◆ **Problem description**: For the entries that follow, retype exactly the lines from the one containing "2024306期118赌经" to the one containing "Pesticide-fertilizer composition, preparations", inclusive, and only those. Images stay out of the copy.

◆ **Available data**:
• • •
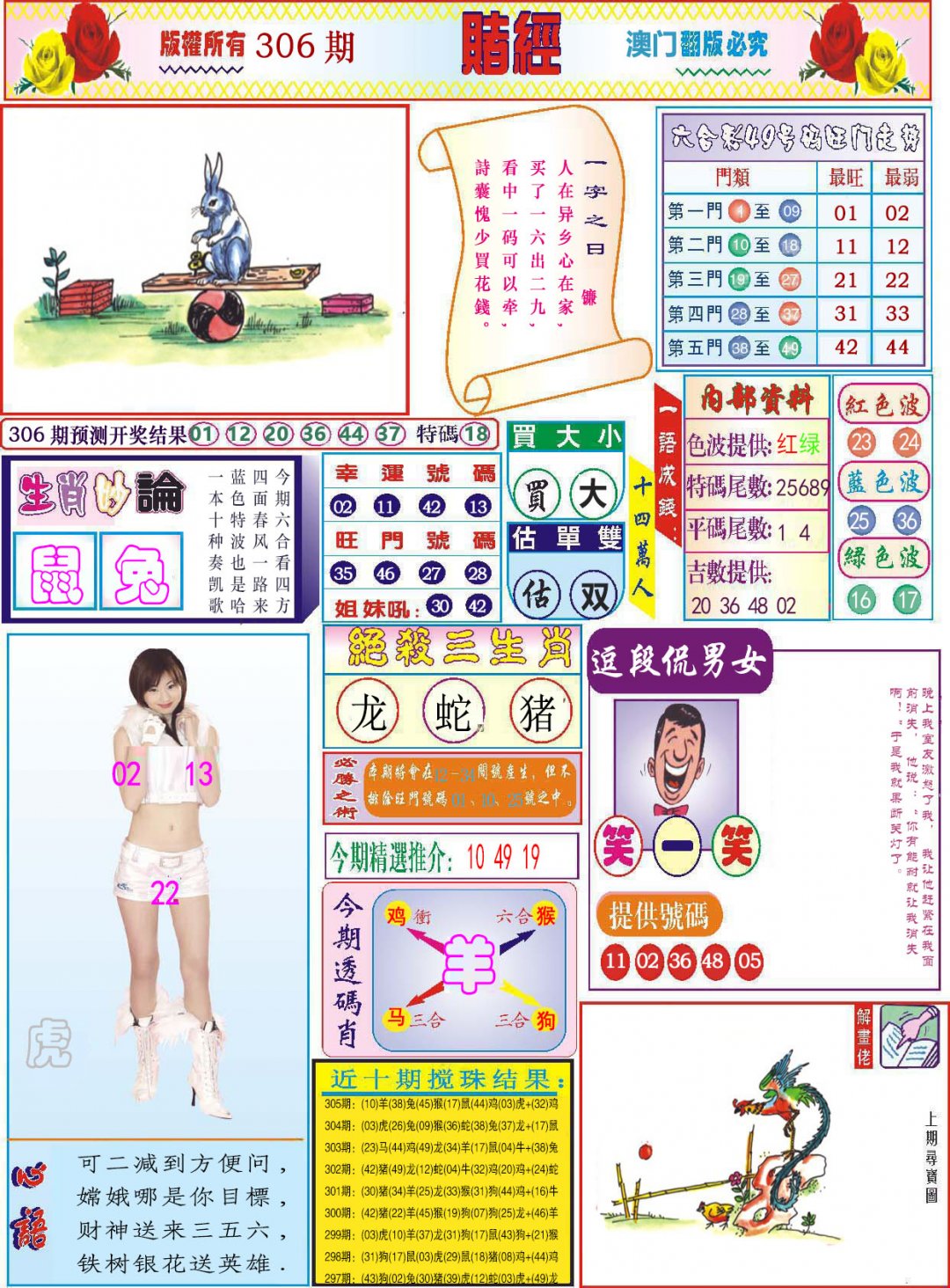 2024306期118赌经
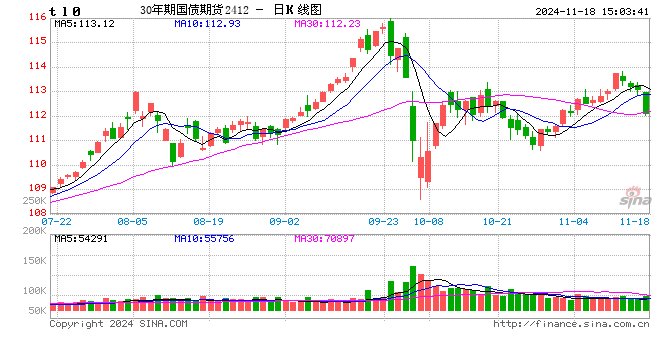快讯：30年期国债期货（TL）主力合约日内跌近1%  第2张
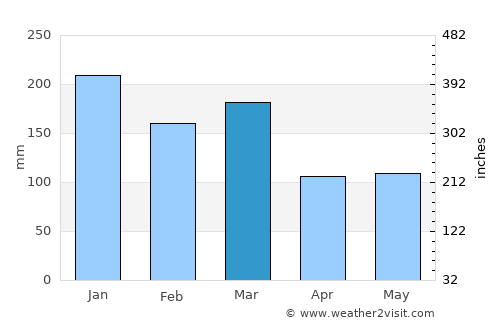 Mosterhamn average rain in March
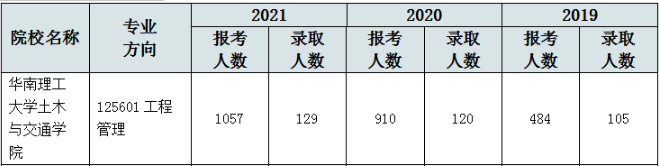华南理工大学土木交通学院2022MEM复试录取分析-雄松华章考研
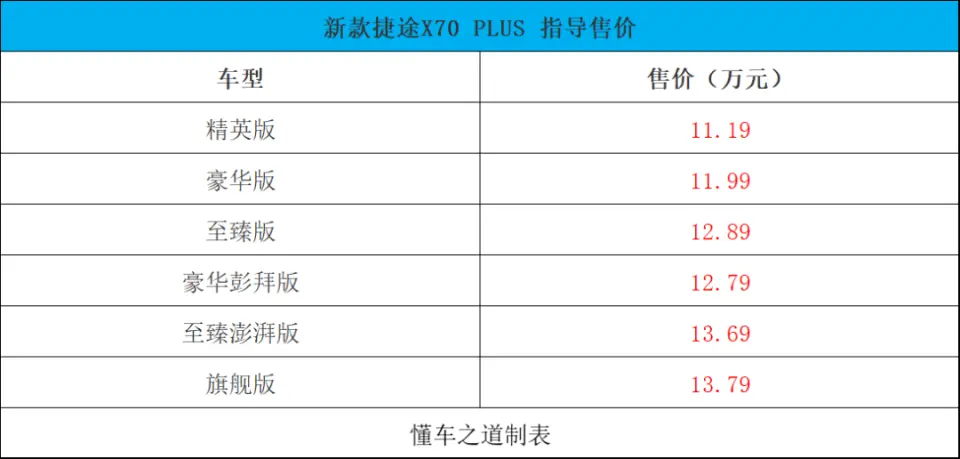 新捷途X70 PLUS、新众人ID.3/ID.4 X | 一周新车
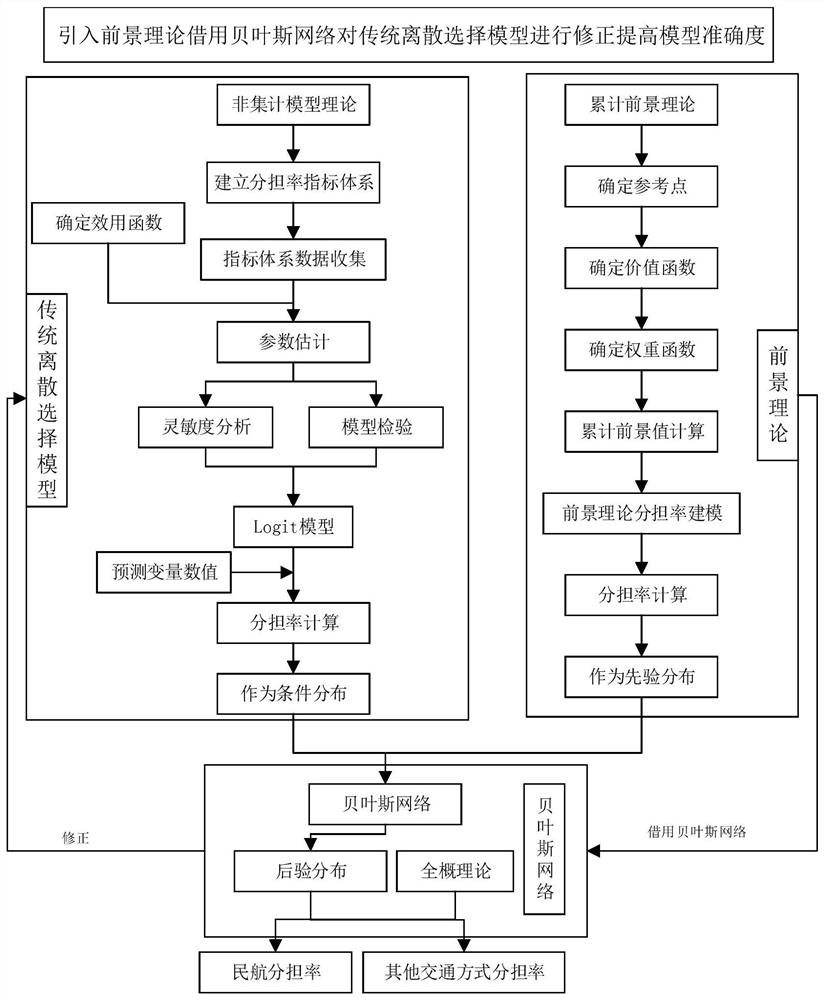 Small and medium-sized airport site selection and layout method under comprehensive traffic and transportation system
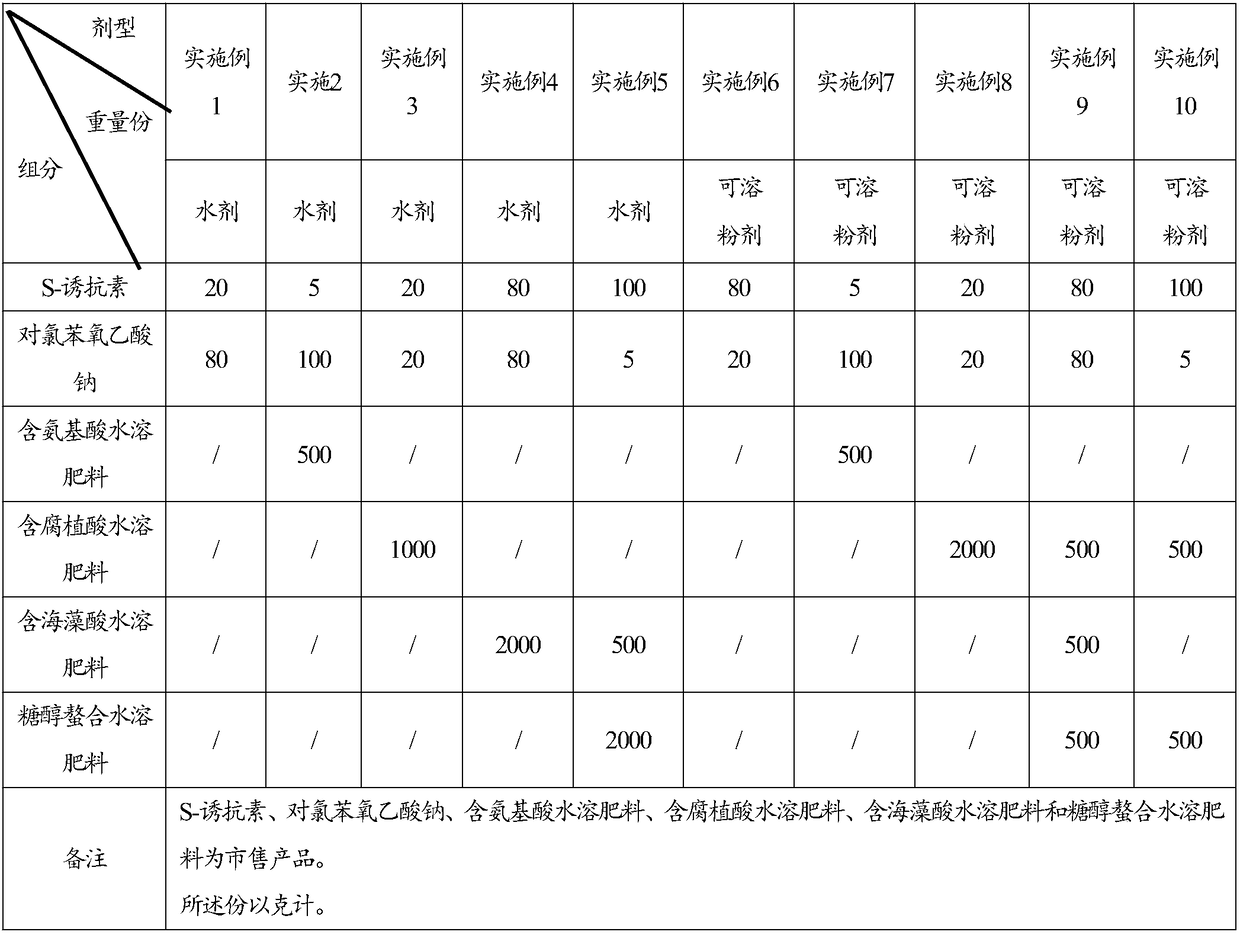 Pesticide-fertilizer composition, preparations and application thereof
• • •
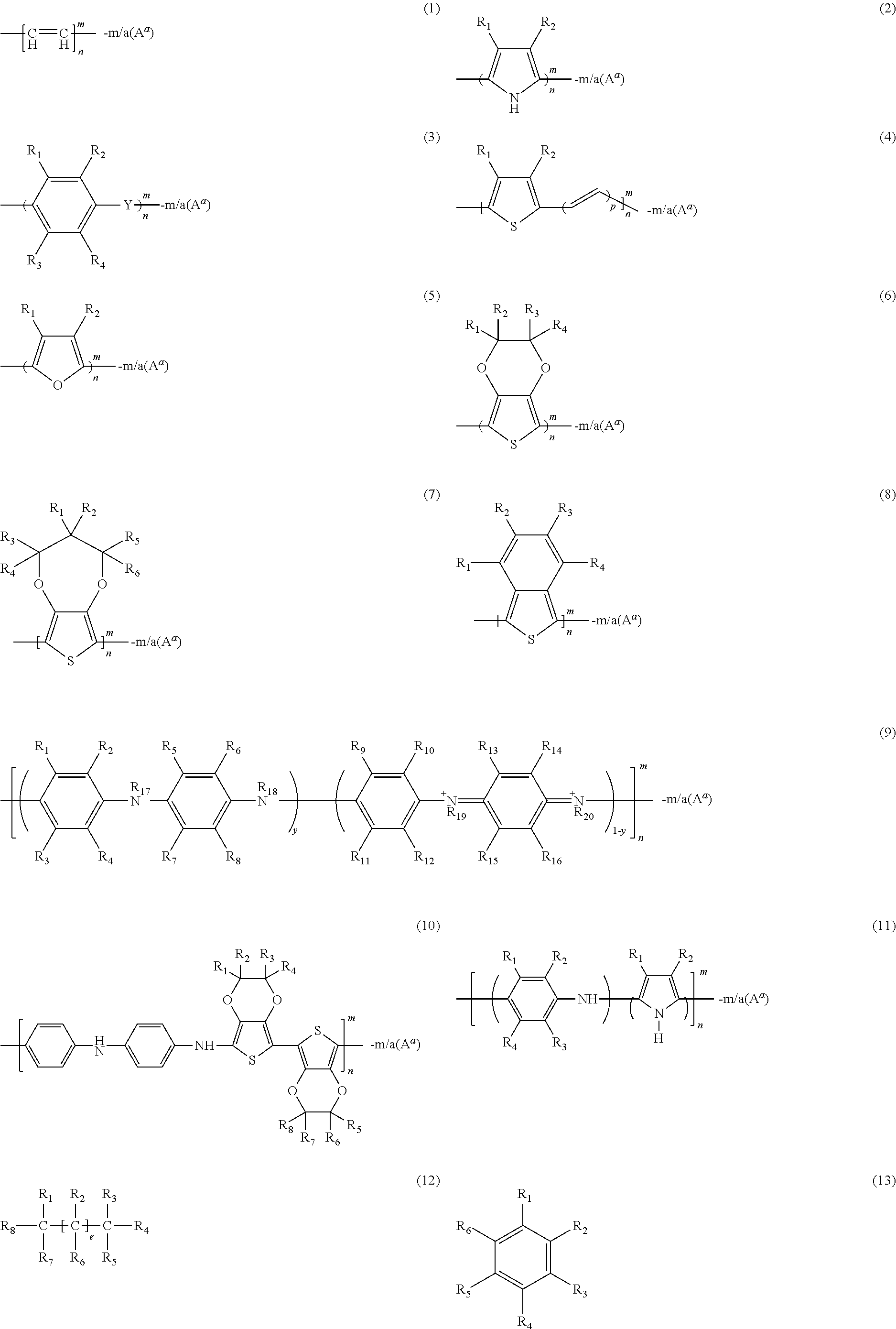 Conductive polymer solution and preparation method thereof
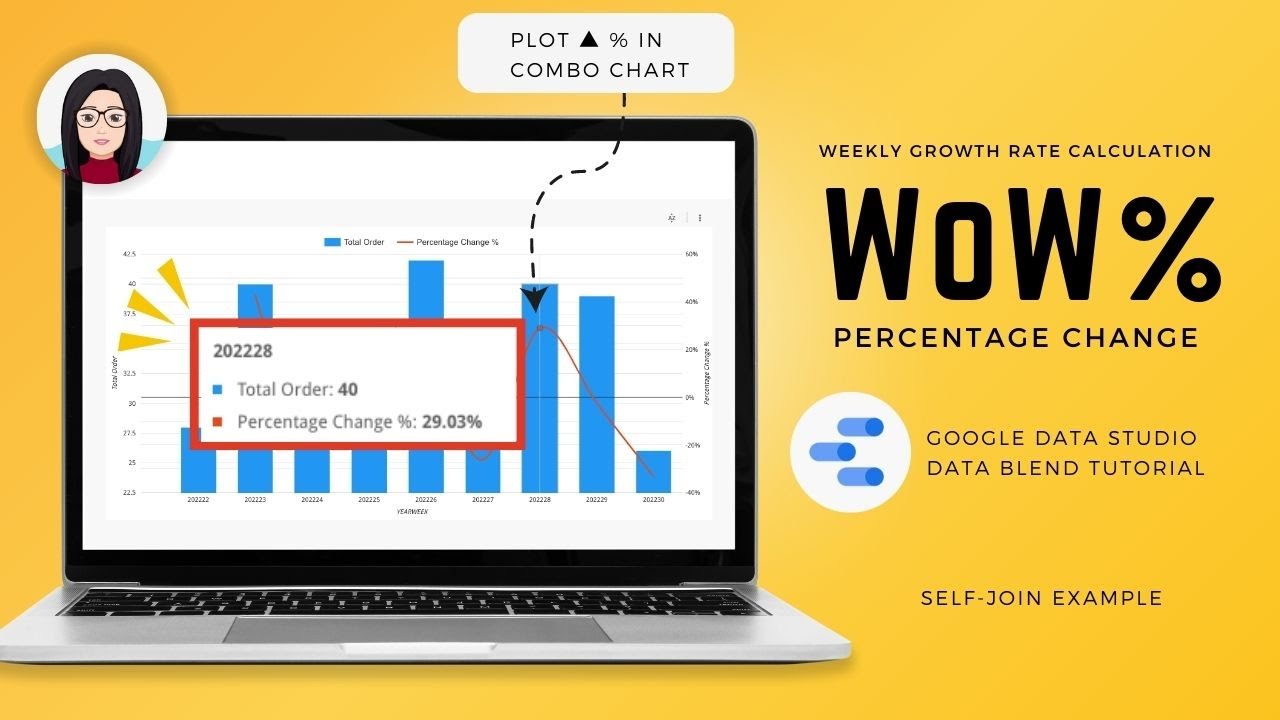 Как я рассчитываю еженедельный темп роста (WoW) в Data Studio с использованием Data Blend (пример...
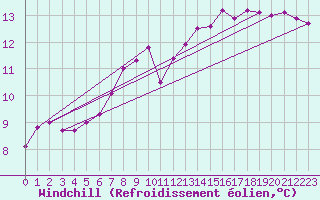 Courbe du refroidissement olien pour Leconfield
• • •
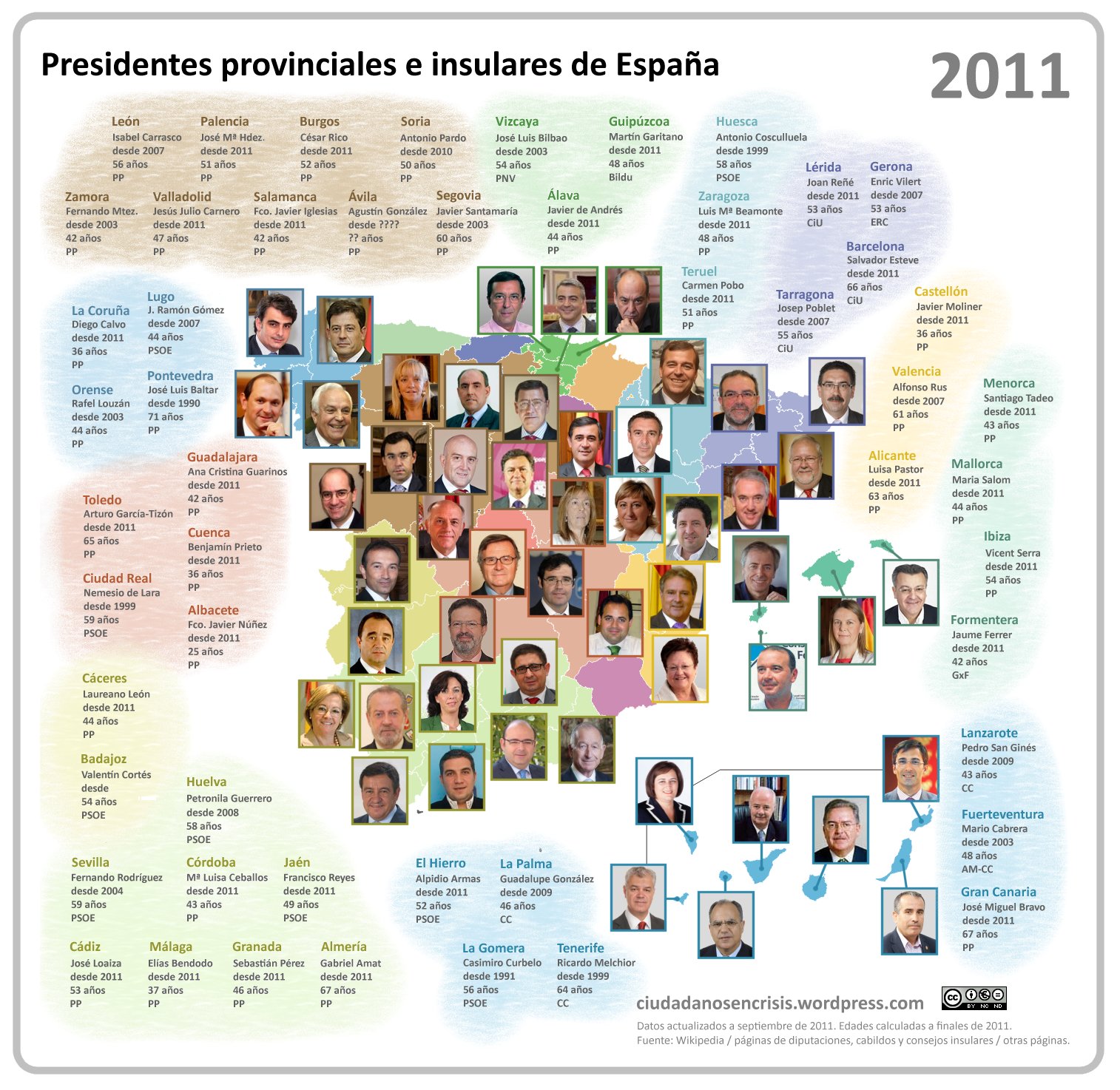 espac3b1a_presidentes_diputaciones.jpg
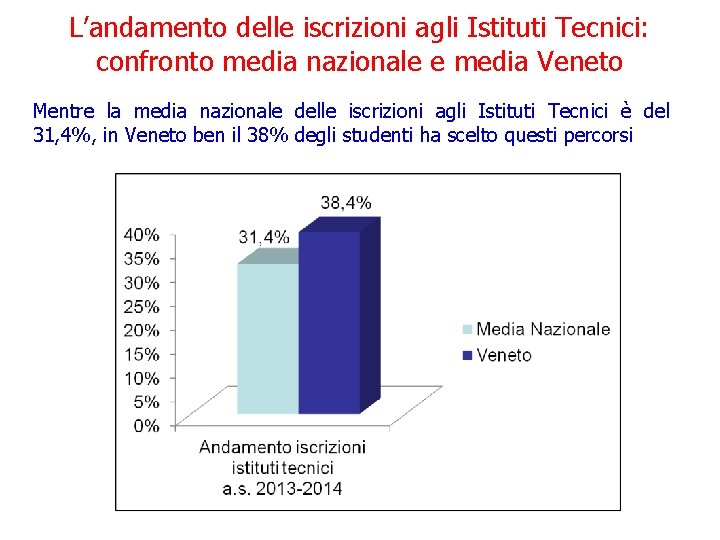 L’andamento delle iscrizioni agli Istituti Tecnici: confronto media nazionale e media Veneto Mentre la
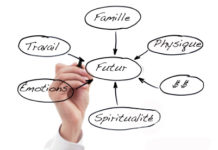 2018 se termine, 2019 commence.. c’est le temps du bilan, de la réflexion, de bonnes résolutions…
• • •
◆ **Your solution**:
 2024306期118赌经
快讯：30年期国债期货（TL）主力合约日内跌近1%  第2张
 Mosterhamn average rain in March
华南理工大学土木交通学院2022MEM复试录取分析-雄松华章考研
 新捷途X70 PLUS、新众人ID.3/ID.4 X | 一周新车
 Small and medium-sized airport site selection and layout method under comprehensive traffic and transportation system
 Pesticide-fertilizer composition, preparations and application thereof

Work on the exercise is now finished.